Snowflake has become a phenomenon across industries with its focus on analytical data storage and impressive performance. With compute capacity charge on a consumption basis and most legacy performance tuning now handled by the service, Performance optimization is often as simple as spending a bit more money.
Performance tuning categorized in two ways:
1: Automatically by Snowflake:
- Micro partitioning: Columns store independently with-in micro partitions, referred to a columnar storage. Enables precise pruning of Column/Partition: the optimizer analyzes FROM and WHERE clauses in SQL statements to eliminate unneeded partitions .
- Columns are compress individually inside the micro partitions. Snowflake automatically determines the efficient compression algorithm.
- Re-Clustering: Re-Clustering a table can help reduce scanning of micro-partitions which helps performance optimization.
2.Tuning by developer/Admin:
- Always use Limit Clause with Select * from table. Virtual warehouse pulls complete data from storage layer, and execute the query and store all the results into Result Cache.
- Charged for the computation even we use SELECT * to know only type or structure of data.
- Dedicated warehouse for Querying: Snowflake automatically caches data in the Virtual Warehouse (local disk cache). Place users querying the same data/tables on the same virtual warehouse.

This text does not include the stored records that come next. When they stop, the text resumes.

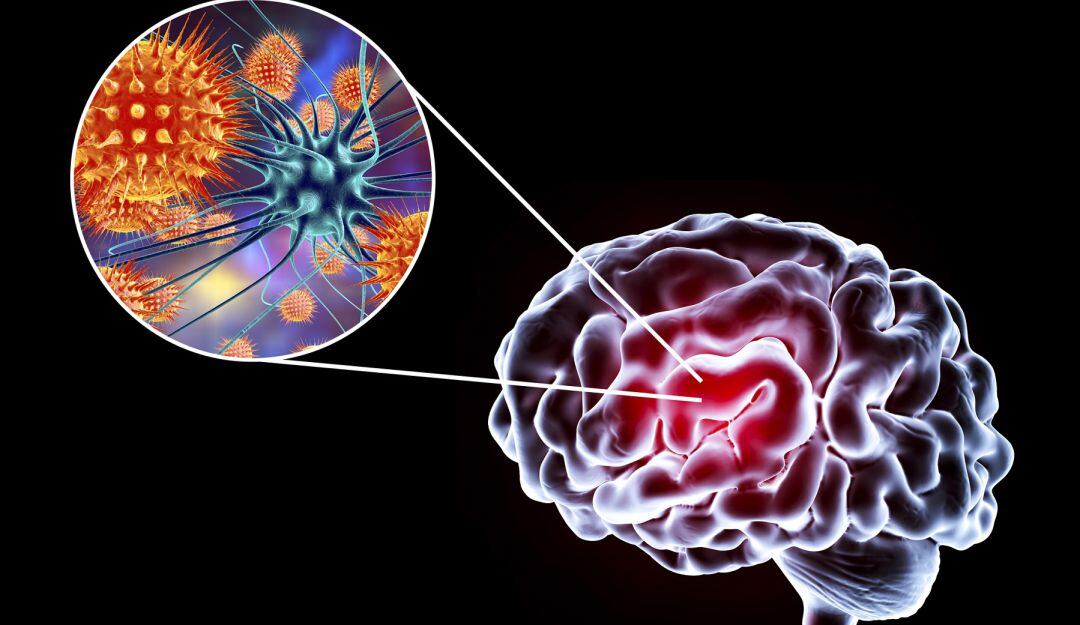 ¿Cuándo se supera la depresión y los transtornos después del COVID-19?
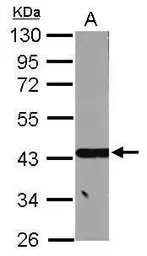 Anti-ACADSB antibody used in Western Blot (WB). GTX114231
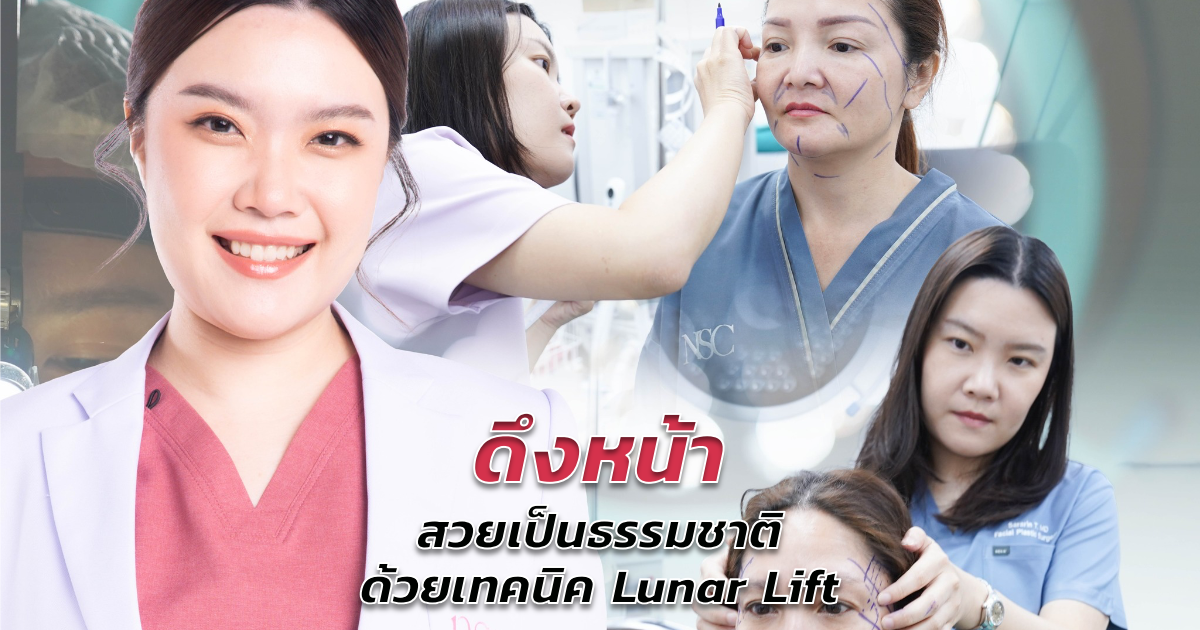 ดึงหน้า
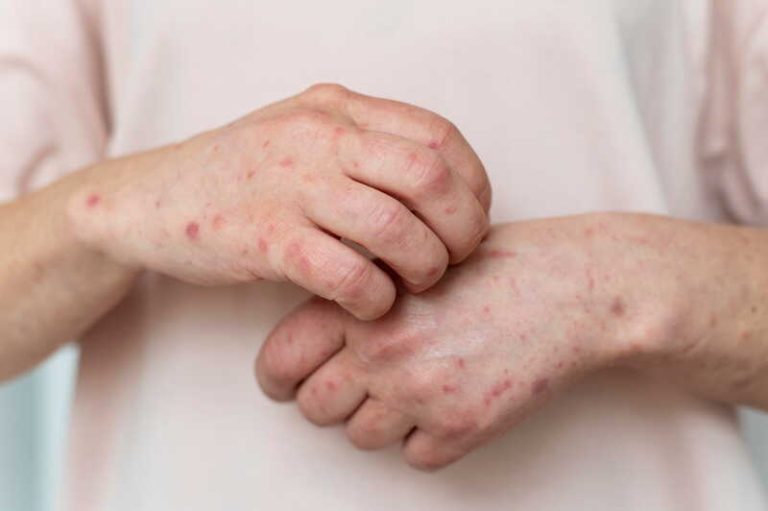 Une femme présentant une éruption cutanée liée au virus Mpox.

- This maximizes the chances ,data retrieved to the cache by one user used by others instead getting from Storage layer:
- Never disable Cloud Service Result Cache layer : One of the important performance optimization, This layer holds the result of your query and incase other users execute the same query , Instead route to VW and Storage layer , retrieve the output from Result Cache layer itself and here no computation cost involves.
- What happens if underlying table gets updated: Assume, result available in Result Cache layer and perform update or delete the data from table , Execute the Select Query , No Result Cache comes into relevance. Will send request to VW layer which in turn pulls the data from Storage layer ,Cache it at Local disk ,execute the query and store the latest Output in Result Cache. Hence it is advisable first perform all DML operations and then execute the DDL to avoid the performance issues.
- Clustering the table: Partition the large tables:A clustering key is a subset of columns in a table or an expression that are explicitly used to co-locate the data in the table in the same micro-partition.
- Large Files Split on Snowflake: Split data into multiple small files rather one large file, Make use of all the nodes in Cluster. Loading a large single file make only one node at action and other nodes ignore even if we have larger warehouse.
- Date/Time Data Types for Columns: When defining columns to contain dates or timestamps, choose a date or timestamp data type rather than a character data type. Snowflake stores DATE and TIMESTAMP data more efficiently than VARCHAR, resulting in better query performance
- Querying data stored external to the database is likely to be slower than querying native database tables; however, materialized views based on external tables can improve query performance.
- Scale up by resizing a warehouse. Resizing a warehouse generally improves query performance, particularly for larger, more complex queries
- Scale out by adding clusters to a warehouse :Auto spawn the VW based on the workloads.